I hate to admit this, but Hartmann has a point. After all, these huge mergers are always immensely successful and result in monopolies that never end. Time Warner merging with AOL back in 2000 comes to mind -- you remember, the one that resulted in one of the biggest business fiascoes in history?

OK, my bad, should have cited a better example. Still, Hartmann gets it right that these "big profitable companies," once achieving bigness and profitability, always remain that way. That's why if you want to buy an appliance, you're probably limited to shopping at Sears. Sorry, another bad example. Or how if you're in the market for a new computer, Tandy remains the industry leader. And when it comes to copiers, Xerox is the way to go, what with the company getting really big and profitable a long time ago, and thus it will always be.

"Free-market opponents and antitrust supporters fail to appreciate an essential principle of Real World economics: so-called monopolies are almost always temporary," wrote Steve Forbes in "How Capitalism Will Save Us: Why Free People and Free Markets are the Best Answer in Today's Economy," published in 2009. "Sooner or later, smaller, more nimble competitors enter the market and supplant established players. This competition can come not just from within an industry, but from competitors with previously unforeseen new technologies." (emphasis in both cases in the original).

Of the top 500 companies in the Forbes 500 list in 1983, only 202 were still in the list 20 years later, Forbes pointed out.

Hartmann must not be tethered tight to reality if he actually believes our choices as consumers of media have diminished since the Reagan era. Not incidentally, I have a choice of listening to Hartmann from my television, laptop, iPad or smart phone -- or listen instead to any of thousands of competitors for my attention in the media marketplace. We've gone from a world in which you could pick from only three networks on television (OK, three and a half if you count PBS) to one in which channels may soon be numbered in the thousands. Hartmann thinks the opposite has taken place.

As for his criticism of NPR, Hartmann elaborated --

If the media had any interest in telling the true story, they'd have said, 'AT&T has tried to further cement their control over the choices you have for the telephone and Internet service and grab a part of your choices about TV by grabbing DirecTV. If they're successful, expect your prices to go up while your choices go down, just as has happened pretty much every other time an industry has succumbed to this sort of monopolistic behavior,' end of quote -- but they're not going to tell you that because they're nearly monopolies themselves. NPR, for example, has a lock on and a government subsidy for radio stations all across the country.
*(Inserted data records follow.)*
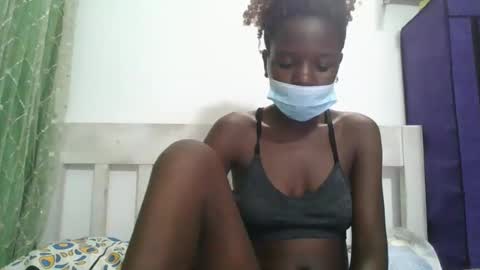 petitesweetchiq online show from 11-16-25, 06:13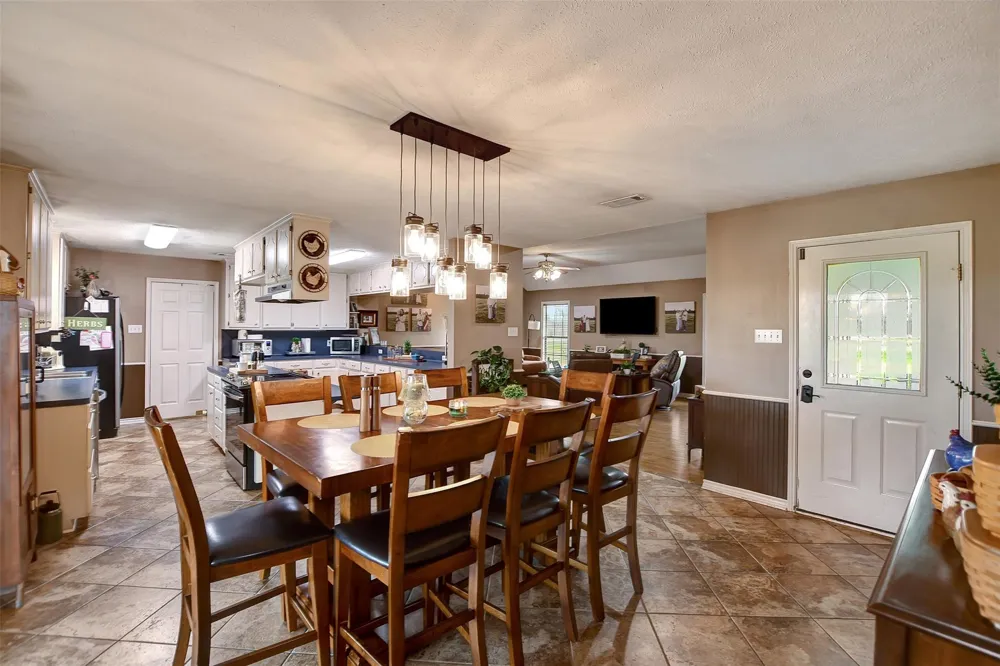 599 County Road 295 Garrison, TX 75946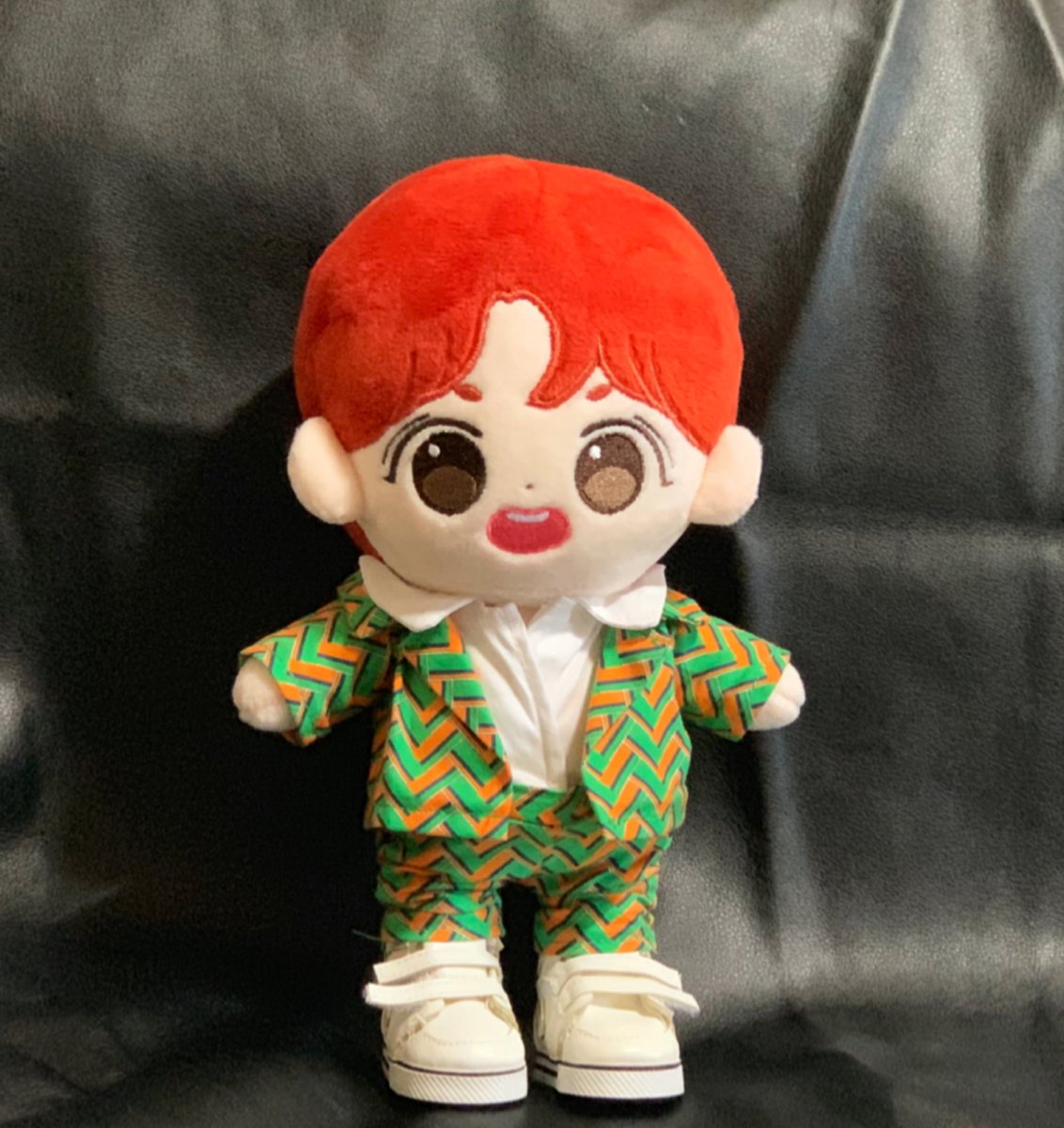 1stjuly1995's tweet photo. 드디어 집에 온 베호비🥺 얼굴이 정말 예쁘게 생겼어용 @best_hobi #방탄인형계 #베스트호비 빨간머리에 초록 수트 입히니깐 몬가 신호등 느낌🚦 https://t.co/qkx3EDSezj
Here we agree, Thom -- this particular monopoly should have died decades ago, except it's a government mandate, the closest we get to immortality. Just as it took Nixon to go to China, it will require an influential left-winger to end government funding of NPR.

It was all of a week ago that Hartmann said Rush Limbaugh is correct in stating that liberal radio competes mainly with NPR, not conservative radio hosts.